Corporate Governance Report and Management Discussion and Analysis
along with Certificate of the Auditors of your company pursuant to
clause 49 of the Listing Agreement with the Stock Exchange(s) has been
annexed to the report as Annexure-I.
AUDITORS
M/s Raj Gupta & Co., Chartered Accountants, Auditors of the company,
retire at the conclusion of this Annual General Meeting and are
eligible for re-appointment. They have furnished a certificate to the
effect that their re-appointment, if made, will be in accordance with
Section 1 39(1) of the Companies Act, 2013.
AUDITORS'' REPORT
The Auditors'' Report read with the relevant notes on accounts for the
year under review is self explanatory and do not call for any further
comments as there are no adverse remarks in the Auditors'' Report.
AUDIT COMMITTEE
Presently the constituent members of the Audit Committee are Mr.
Mohinder Pal Gupta, Mr. Mohan Lal and Mr. Jawahar Jain. Mr. Mohinder
Pal Gupta is the Chairman of the said Committee. The statutory auditors
and internal auditors are the permanent invitees to the audit committee
meetings. The Committee met four times during the year under review.
COST AUDITORS
The Board of Directors has appointed M/s. Meenu & Associates, Cost
Accountants, Ludhiana as the Cost Auditors of the Company under Section
148 of the Companies Act, 2013 for which application to the Central
Government has already been made seeking approval for appointment of
Cost Auditors to conduct audit in respect of all the Units of the
Company for the financial year 2014-15.
The Cost Audit Report for the financial year 2013-14 will be filed with
the Central Government as per provisions of the Companies Act, 1956.
SECRETARIAL AUDITORS
M/s RCS & Company, the Secretarial Auditors of the Company retire at
the ensuing Annual General Meeting.

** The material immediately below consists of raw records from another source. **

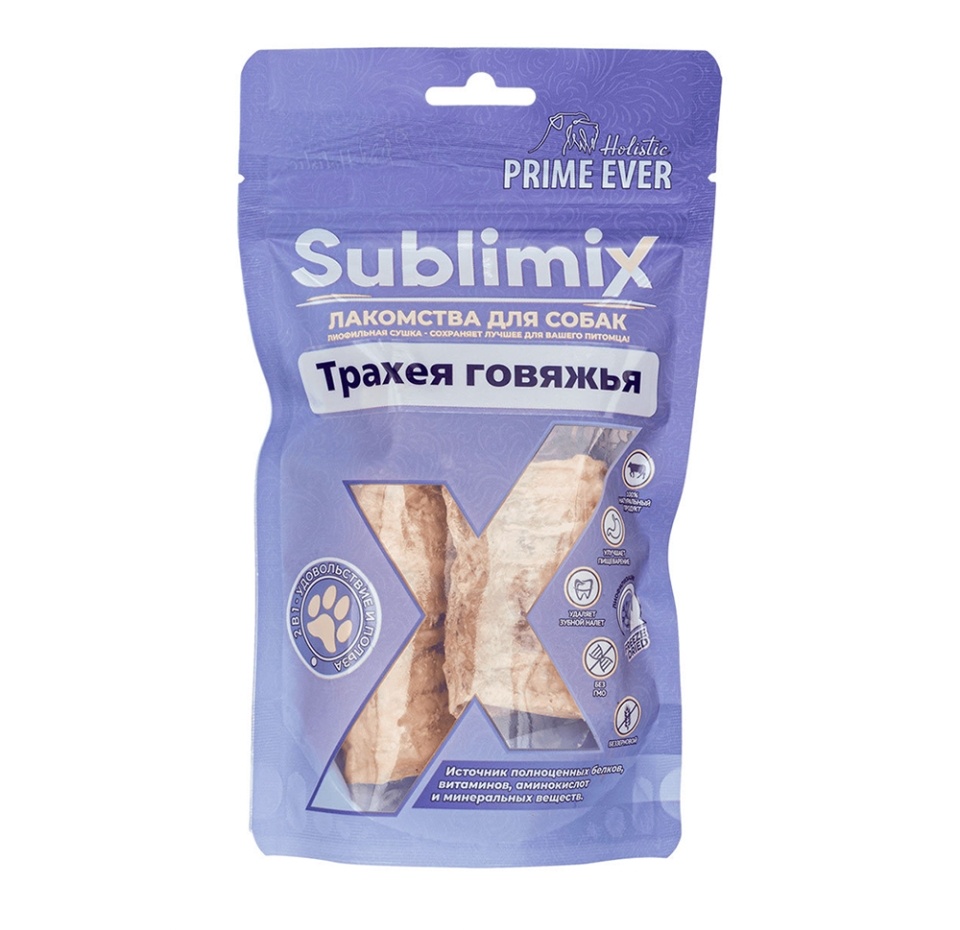 

Лакомство для собак Prime Ever Sublimix Трахея говяжья 50г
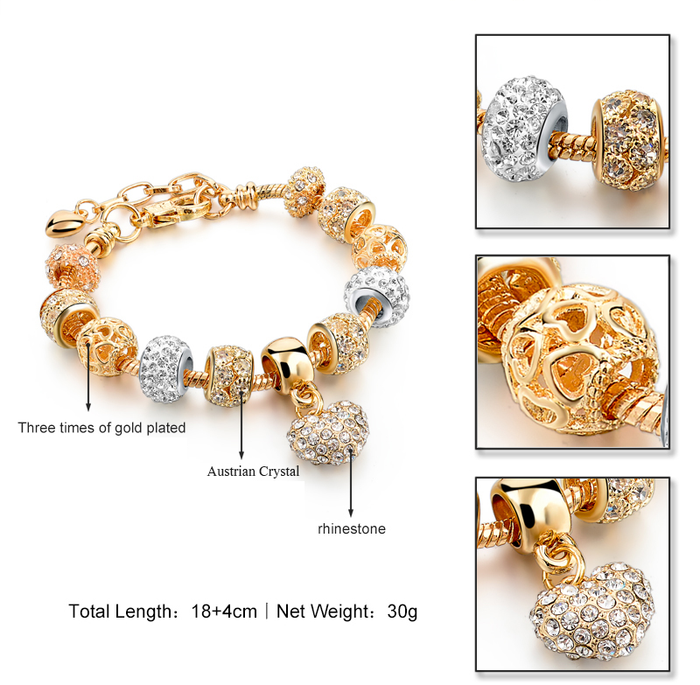 Luxury Golden Plated Crystal Heart Charm Bracelet in 5 styles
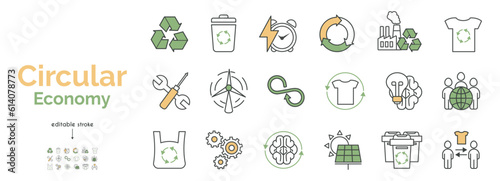 A set of icons for the circular economy. Production, usage, recycling, energy saving, repair, renewable resources,consumption. Vector line illustration in yellow and green. Editable stroke. 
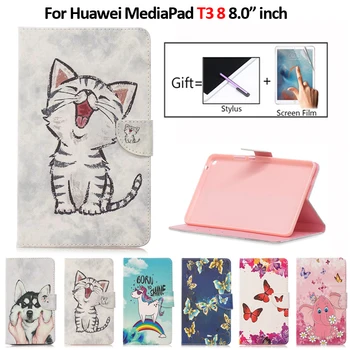 

8 inch Tablet Case For Huawei MediaPad T3 8 Case Kawaii Unicorn Cat Puppy Leather Case For Huawei MediaPad T3 8 Cover Coque+Pen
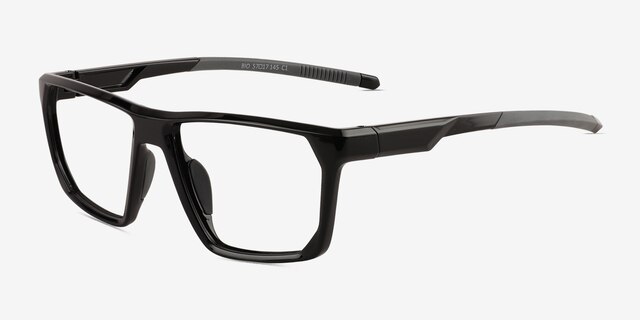 Bio Black PlasticEyeglass Frames from EyeBuyDirect, Angle View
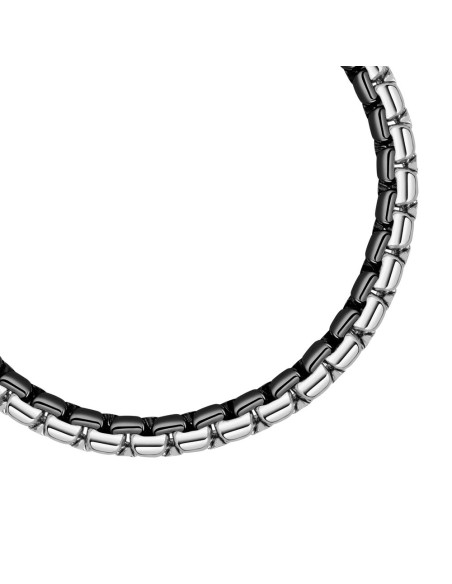 Bracciale Uomo Morellato Motown Acciaio Nero Silver (SALS55)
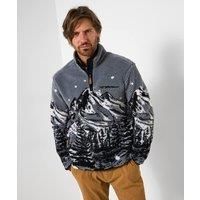 Joe Browns Mens Contrast Trim Borg Fleece Grey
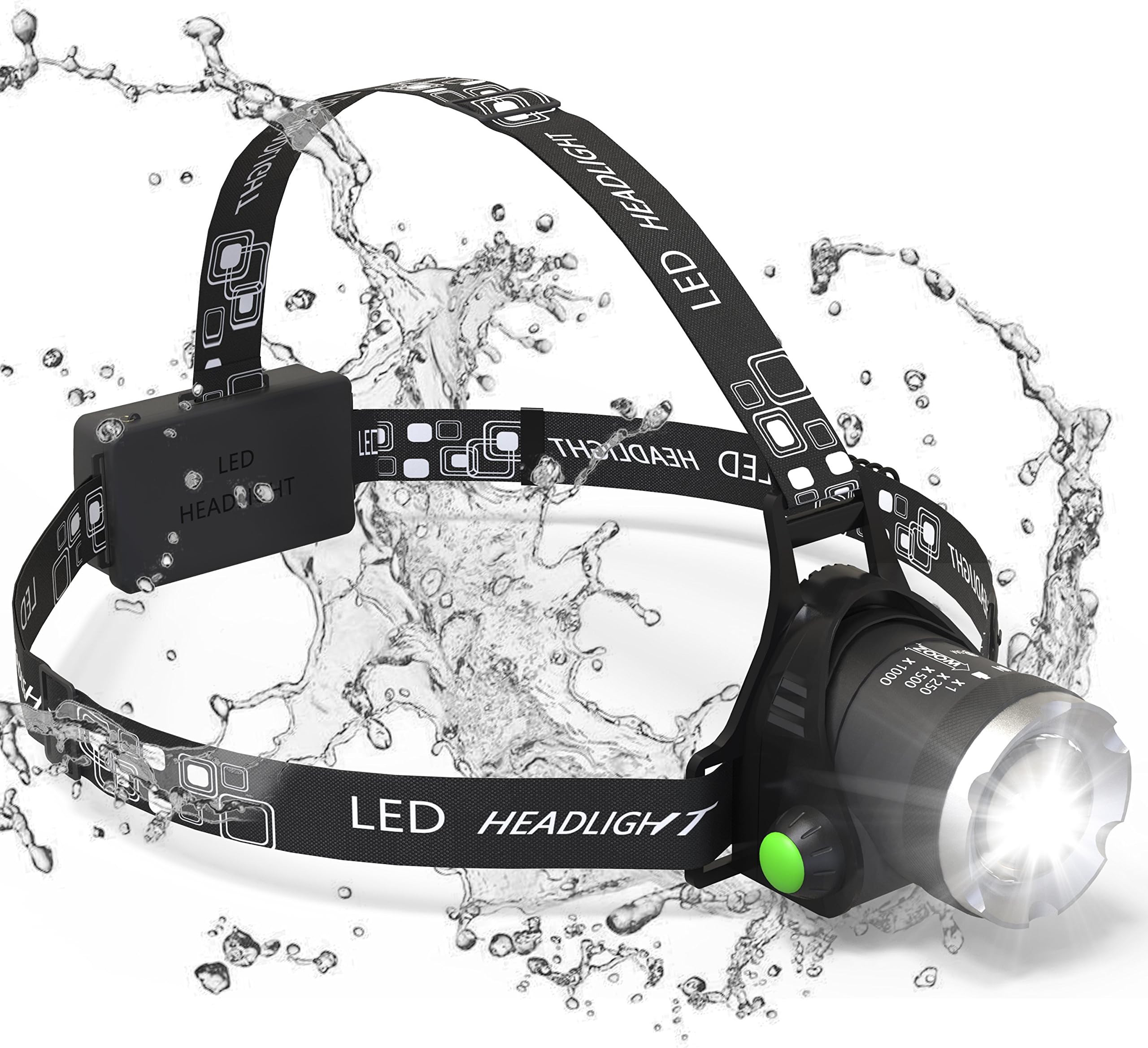 Headlamp, Sungluber 3 Modes Super Bright LED Headlight, Waterproof Flashlight with 90º Moving Zoomable 2Pack Rechargeable 18650 Battery Adjustable Headband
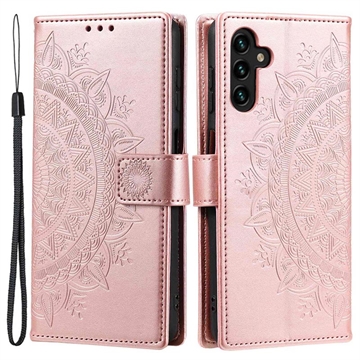 Funda Mandala Series para Samsung Galaxy A54 5G - Estilo Cartera - Rosa Dorado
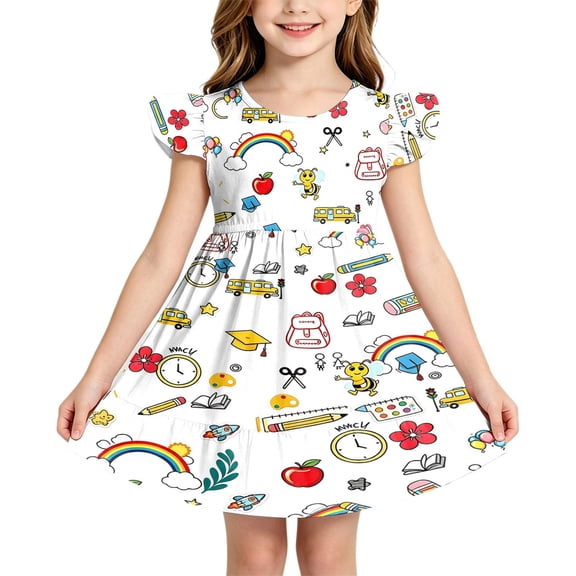 Curuila Toddler Girls Dress Flutter Sleeve Cartoon Print Crew Neck For School Fashionable Dresses Size 3-4 Years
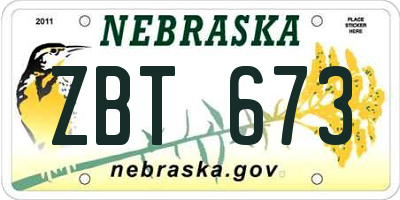 NE license plate ZBT673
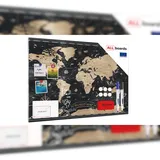 ALLboards Magnettafel Weltkarte 90 x 60 cm Schwarz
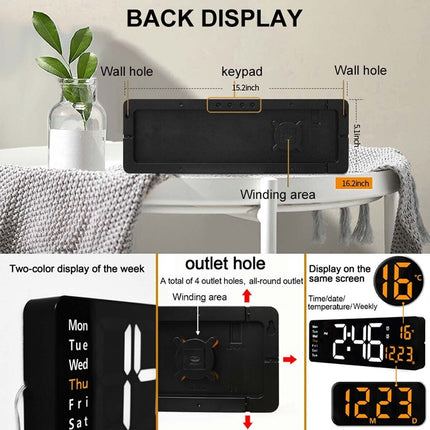 16" Orange Large Digital Big Jumbo LED Wall Desk Clock Display With Temperature Calendar.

The appointment of the Secretarial
Auditors is to be approved by the members at the ensuing Annual General
Meeting to verify the Secretarial records and to provide Secretarial
Audit Report for the financial year 2014-15. The Board recommends to
appoint M/s RCS & Company, the Secretarial Auditors and to fix their
remuneration.
Further, the Secretarial Compliance Certificate for financial year
2013-14 received from M/s RCS & Company, Practicing Company Secretaries
is annexed and forms part of this report as Annexure-II.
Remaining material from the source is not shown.